Years go by, and life happens. You find yourself hard-pressed for cash. That monthly payment begins to loom. Is there any way to lower that payment?
Thankfully, there is. It’s called Refinancing. Refinancing is taking out a new mortgage at the price of what you currently owe, rather than the house’s original value. So if you bought a $200,000 house with a 30-year mortgage, then paid off $100,000 of it, you could get a new 30-year mortgage on just the $100,000 you have left. You use this new Mortgage to pay off the old and now enjoy a lower monthly payment.
However, just because there’s a lower payment, doesn’t mean you’re spending less money. That’s dependent on your Interest Rate.

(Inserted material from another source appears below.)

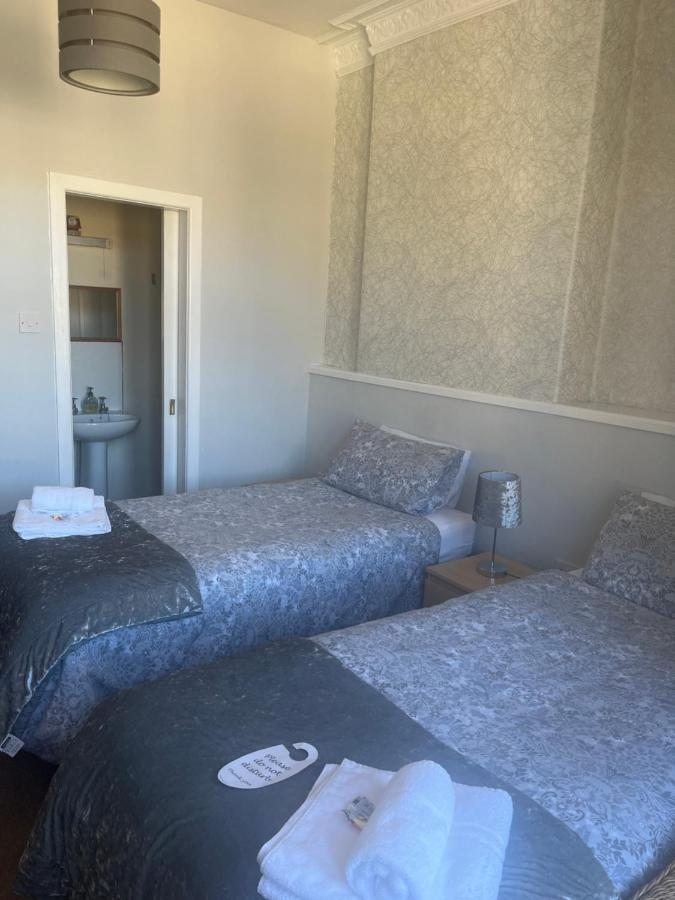 אובאן Dunmoore Guesthouse מראה חיצוני תמונה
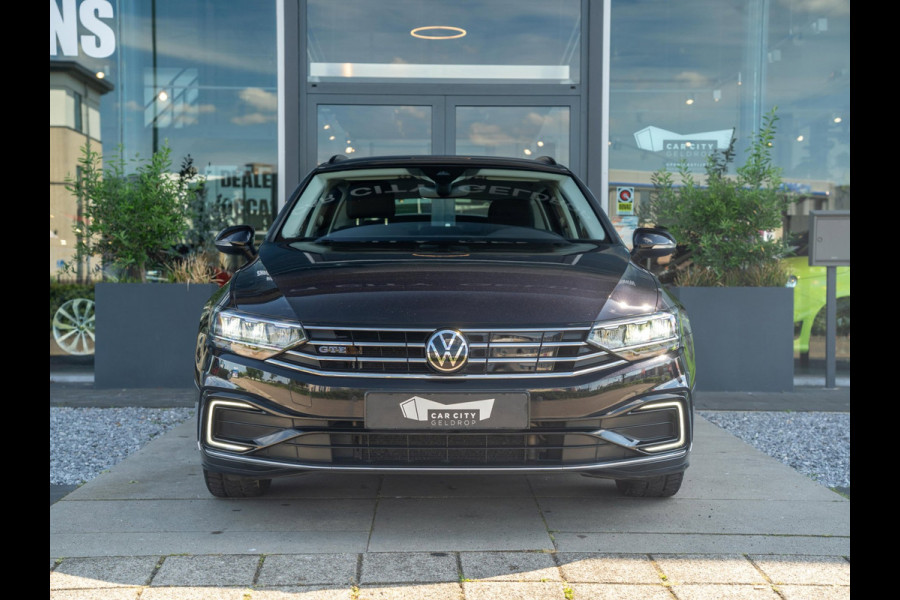 Volkswagen Passat Variant GTE 1.4 TSI eHybrid 218pk PHEV Business / Massage / Trekhaak / ACC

Interest is the money you are paying the bank for the privilege of using their money to buy the house. It doesn’t add equity to your house. The less interest you can pay, the quicker you pay off your house, and the less money you spend in the long run.

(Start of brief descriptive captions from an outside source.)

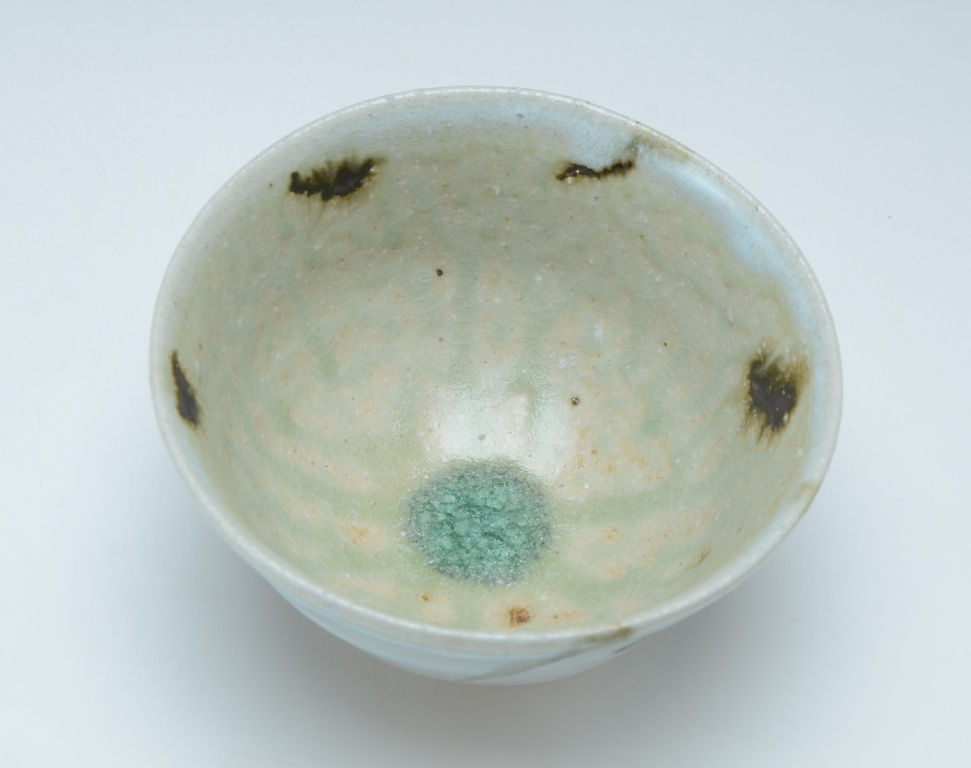 淡い緑がかった飯茶碗の見込み(内側)。底に緑の釉溜まりがある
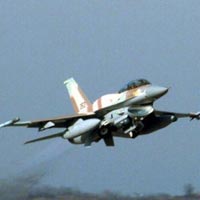 srail Suriye'yi ikinci kez vurdu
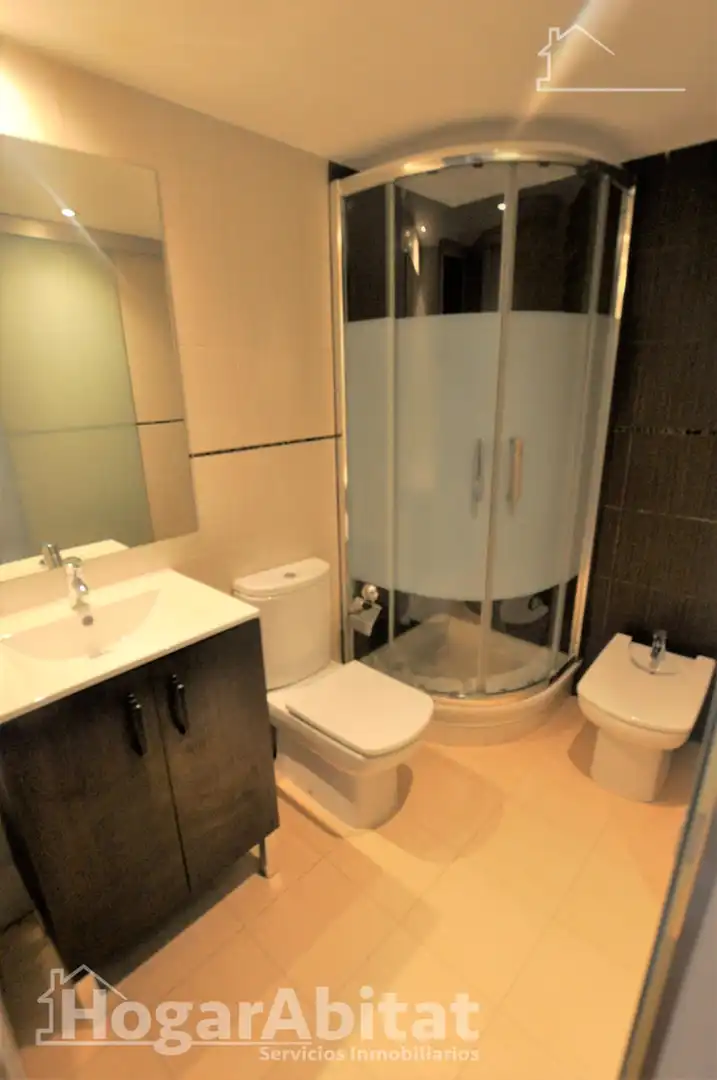 Baño de Piso en venta en Mislata con Aire acondicionado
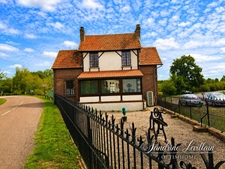 Maison à vendre 4 pièces LE BEC HELLOUIN (27)
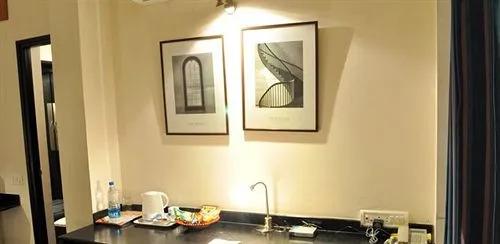 Бангалор: Sterling Suites - Langford Town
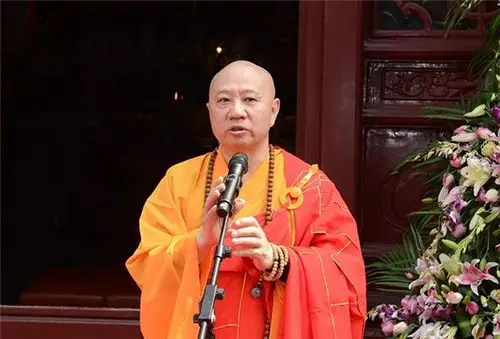 宏度法师荣膺灵岩山寺方丈升座典礼隆重举行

If your circumstances (credit, debt-to-income ratio, etc) weren’t perfect when you bought the house, and you’ve spent the last number of years fixing that, then it’s likely your new Interest Rate would be much lower than the old one. In that case, Refinancing could help you save a lot of money, even if you don’t want to increase the length of the mortgage. Dropping the Interest Rate even a few points could save you tens of thousands of dollars over a number of years.

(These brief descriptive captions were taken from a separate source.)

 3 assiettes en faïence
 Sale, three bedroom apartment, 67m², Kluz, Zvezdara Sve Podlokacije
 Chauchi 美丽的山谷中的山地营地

However, if you find your credit has slipped since signing the first mortgage, refinancing could cost you a lot more. You could still save monthly by getting a new mortgage over a longer-term, but in the long run, you will wind up paying those tens of thousands, rather than saving them.
In the end, the best thing to do would be to talk to your lender and see what your new interest rate would be. If it’s better, seriously consider refinancing, even if you don’t extend the length of the loan. All it can do is save you money. If the Interest Rate is higher, you can still refinance and get a lower payment if you desperately need the money, but be prepared to continue paying for a much longer-term, and to potentially pay much more than you were originally supposed to.